Data in this exercise:

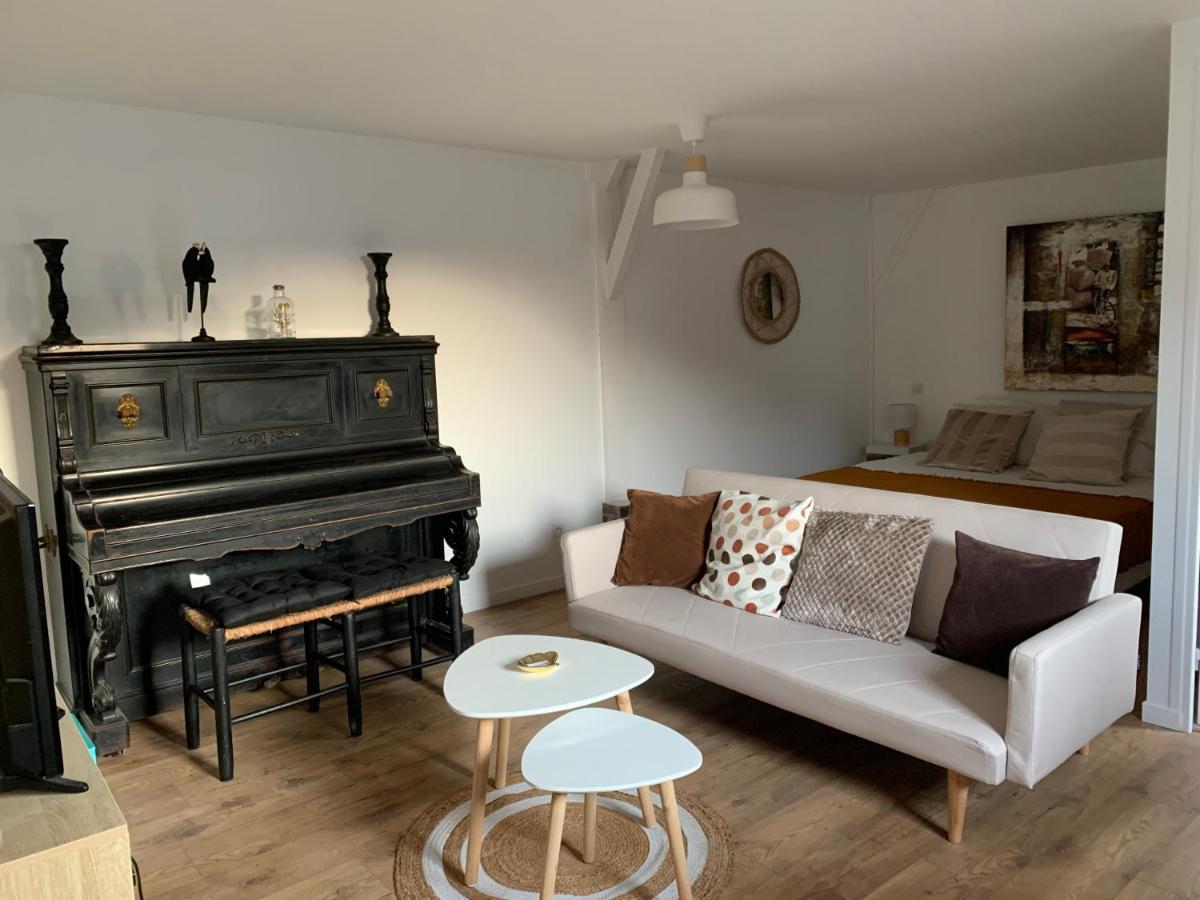 Bed and Breakfast Dom'S Garden Livarot-Pays-d'Auge Esterno foto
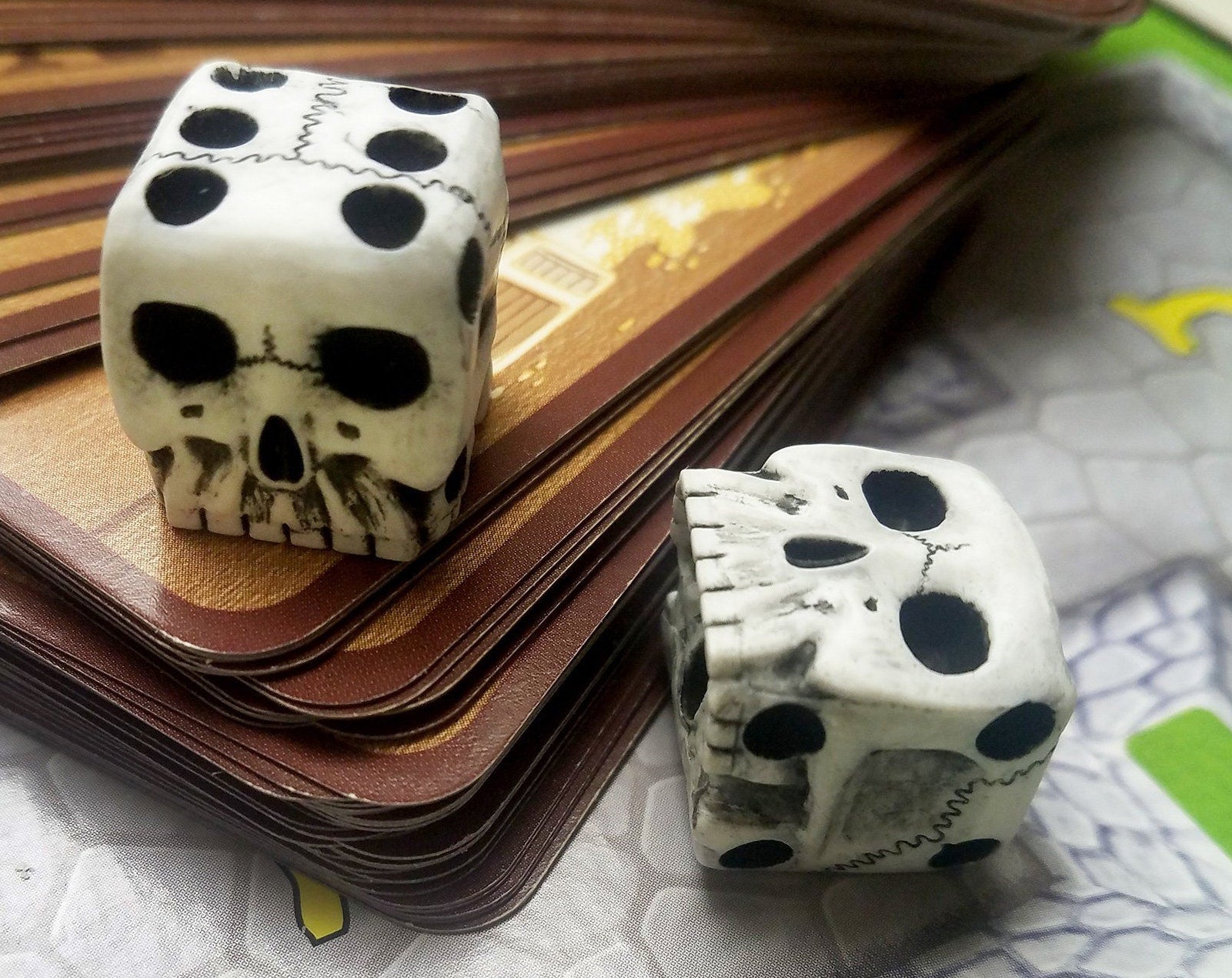 Skull Dice Pair - 6 Sided D6 DnD Bone Unique Custom D&D Gamer RPG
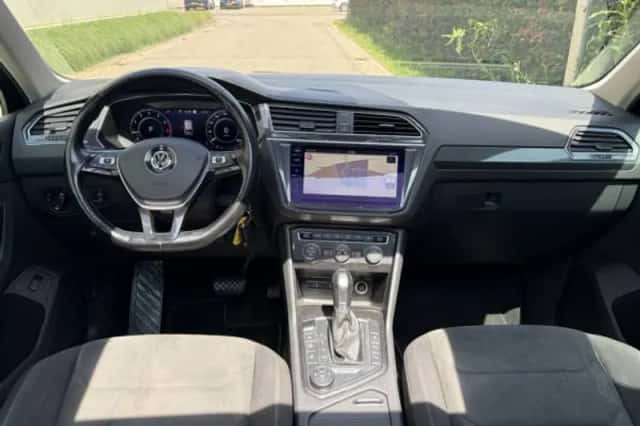 Volkswagen Tiguan (2017) thumbnail 3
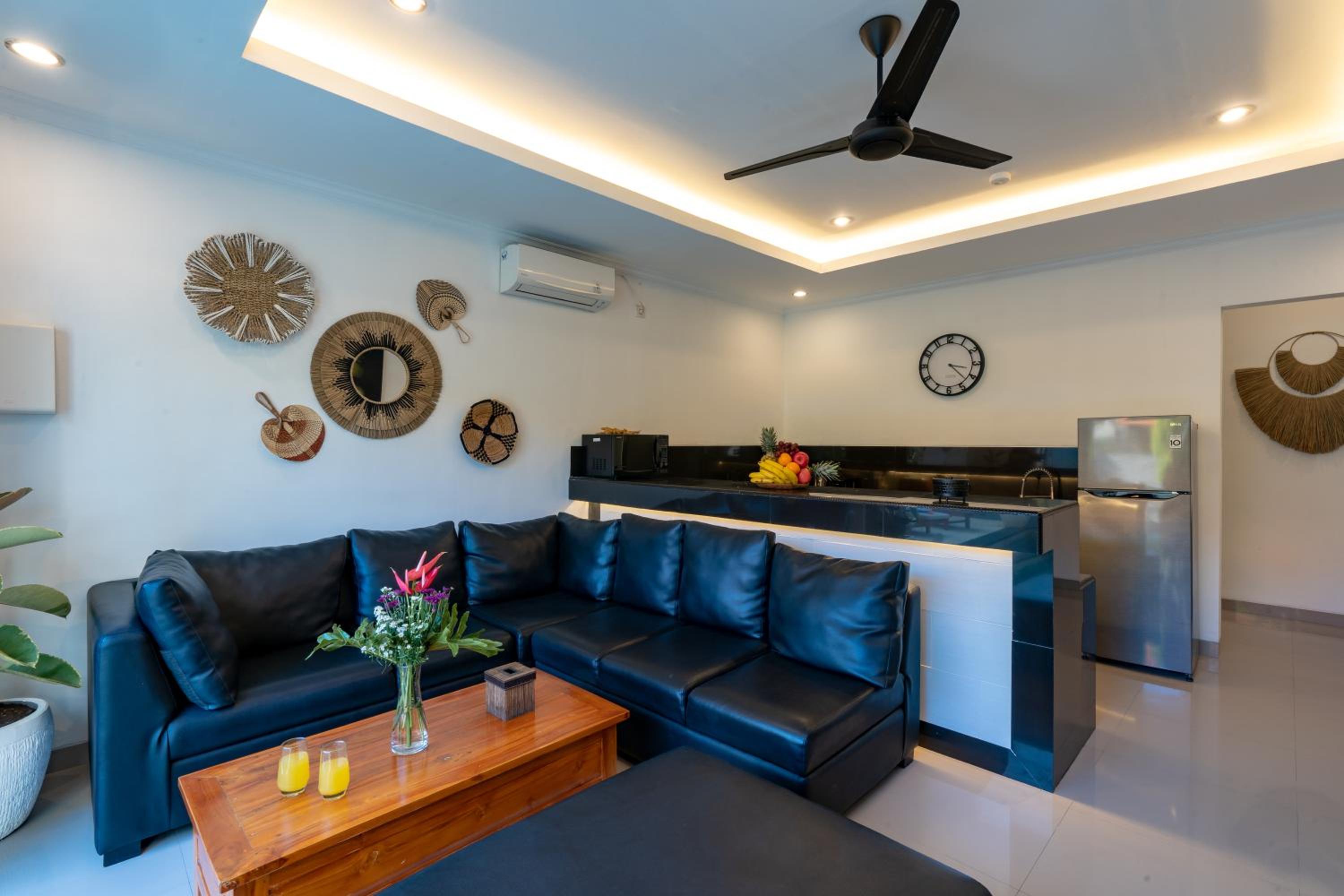 Vast 5bd Villa with Garden and Private Pool 250m to Beach view 4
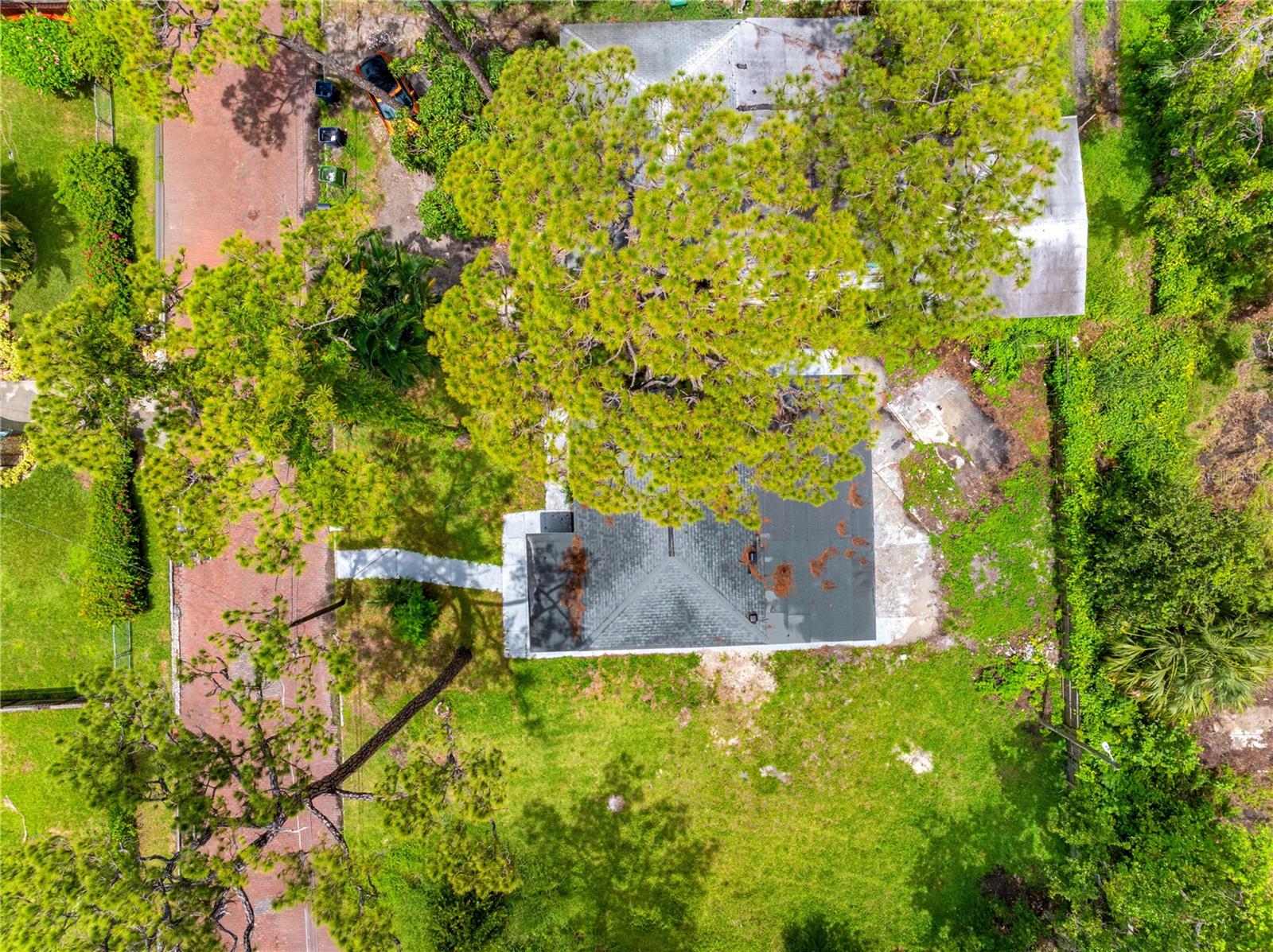 Listing photo id 50 for 2012 Flagler Street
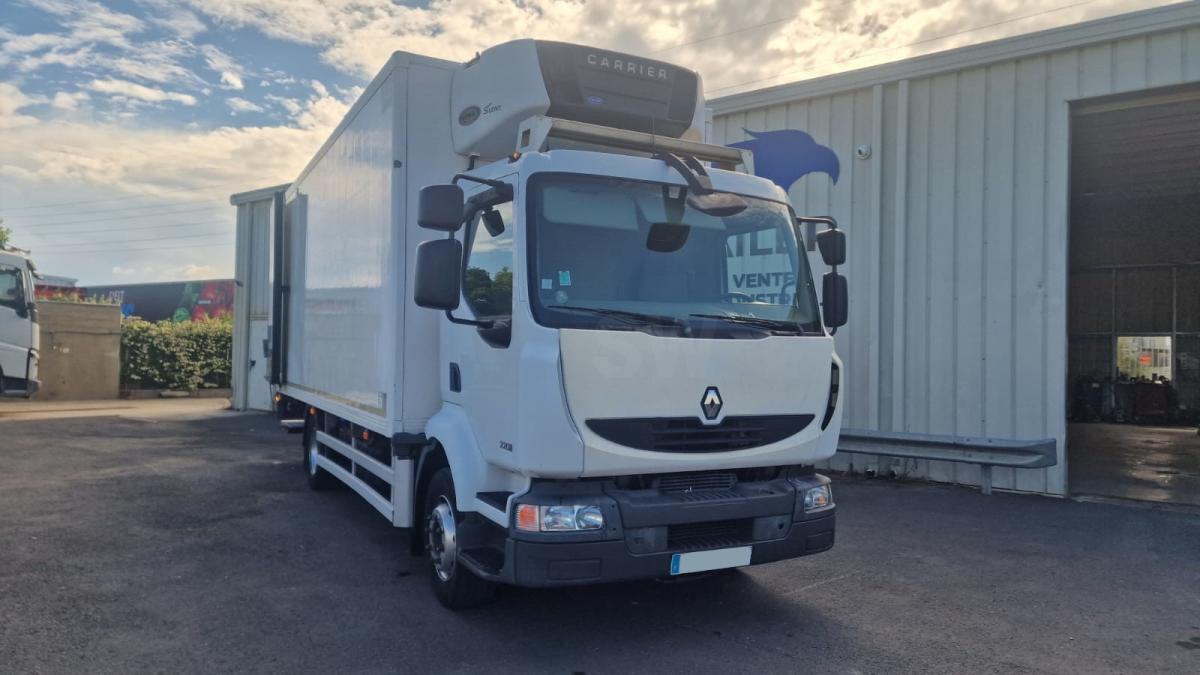 Renault Midlum 220 DXI - مبردة شاحنة: صور 1 Renault Midlum 220 DXI - مبردة شاحنة: صور 1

What the exercise asks: Restate the records word for word and drop the images.

Exercise answer:
 Bed and Breakfast Dom'S Garden Livarot-Pays-d'Auge Esterno foto
 Skull Dice Pair - 6 Sided D6 DnD Bone Unique Custom D&D Gamer RPG
 Volkswagen Tiguan (2017) thumbnail 3
 Vast 5bd Villa with Garden and Private Pool 250m to Beach view 4
 Listing photo id 50 for 2012 Flagler Street
 Renault Midlum 220 DXI - مبردة شاحنة: صور 1 Renault Midlum 220 DXI - مبردة شاحنة: صور 1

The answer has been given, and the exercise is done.